Bliski Wschód stoi na krawędzi otwartego konfliktu, a liczba ofiar rośnie z dnia na dzień. W tym napiętym momencie prezydent Turcji Recep Tayyip Erdogan zgłasza gotowość do działania. Jego propozycja może odegrać kluczową rolę w próbie zatrzymania eskalacji i przywrócenia dialogu między stronami.

Fot. Warszawa w Pigułce
Erdogan chce zatrzymać wojnę. Turcja zgłasza gotowość do mediacji
Świat z niepokojem obserwuje eskalację konfliktu na Bliskim Wschodzie. W obliczu kolejnych ofiar i rosnącego napięcia, prezydent Turcji Recep Tayyip Erdogan wystąpił z propozycją, która może odmienić bieg wydarzeń.
Turcja gotowa do roli pośrednika
Erdogan podczas konferencji prasowej zadeklarował, iż Ankara jest gotowa odegrać rolę mediatora w konflikcie między Izraelem a Iranem. Jak podkreślił, Turcja zrobi „wszystko, co konieczne”, by powstrzymać spiralę przemocy i doprowadzić strony do stołu negocjacyjnego.
W rozmowie telefonicznej z prezydentem Iranu Masudem Pezeszkianem turecki przywódca zaproponował udział swojego kraju w próbie przywrócenia rozmów nuklearnych. W tym samym dniu Erdogan kontaktował się również z Władimirem Putinem, powtarzając mu, iż tylko dyplomacja może zatrzymać konflikt.
Rosja i Turcja apelują o natychmiastowe zawieszenie broni
Kreml potwierdził, iż obaj przywódcy potępili atak Izraela na Iran i wezwali do natychmiastowego zaprzestania działań zbrojnych. Zarówno Turcja, jak i Rosja apelują o rozwiązanie wszystkich spornych kwestii – w tym tych związanych z irańskim programem nuklearnym – wyłącznie środkami politycznymi i pokojowymi.
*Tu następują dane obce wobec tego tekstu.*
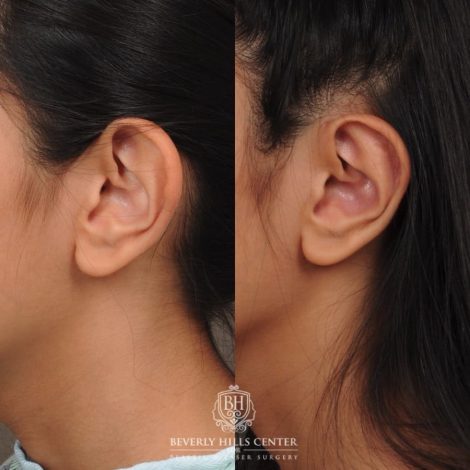 Beverly Hills Center Female Patient Before and After Otoplasty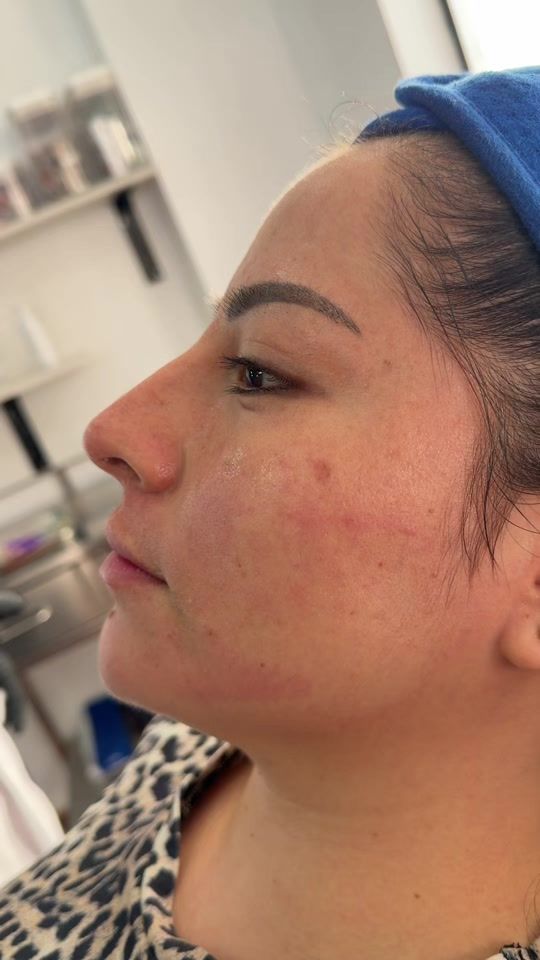 TikTok video thumbnail by drmarianojaramillo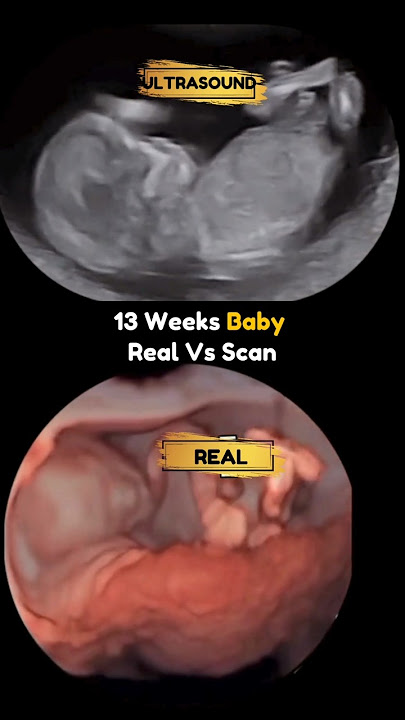 13 Weeks Baby Playing 😍 Real Fetoscopy Vs Ultrasound Video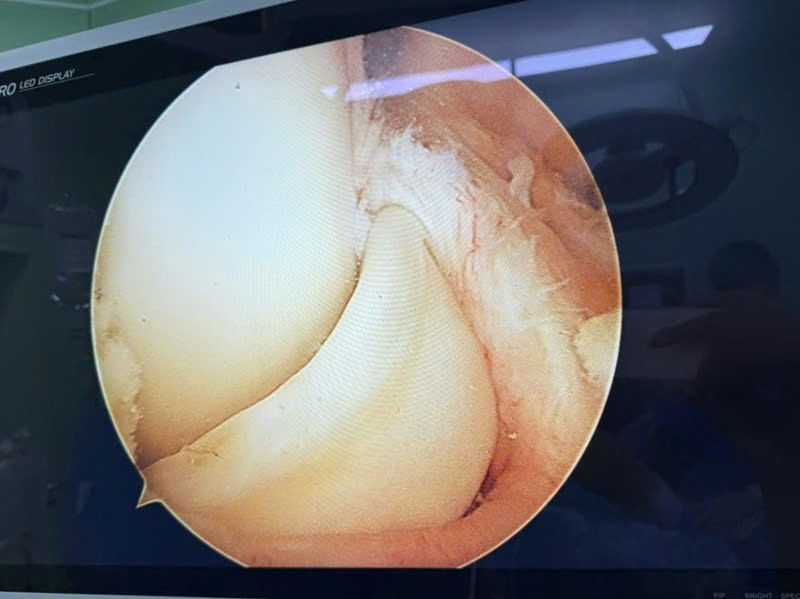 Tổn thương rách sụn chêm dạng quai xách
Kolejne ofiary po atakach. Groźba wojny wisi w powietrzu
Izrael rozpoczął zmasowany atak na irańskie cele w piątek nad ranem, twierdząc, iż uderzył w obiekty wojskowe i nuklearne. Premier Benjamin Netanjahu oskarżył Teheran o posiadanie wystarczającej ilości wzbogaconego uranu do wyprodukowania dziewięciu bomb atomowych.
Iran odpowiedział ostrym kontratakiem – rakiety balistyczne uderzyły w terytorium Izraela, zabijając 24 osoby. Obie strony zapowiadają kolejne uderzenia, a światowi przywódcy apelują o powrót do stołu negocjacyjnego.
Czy Ankara zatrzyma eskalację?
Turcja już wcześniej próbowała pośredniczyć w regionalnych konfliktach. Tym razem stawka jest wyjątkowo wysoka. W obliczu groźby pełnoskalowej wojny na Bliskim Wschodzie, propozycja Erdogana może stać się jednym z ostatnich głosów rozsądku.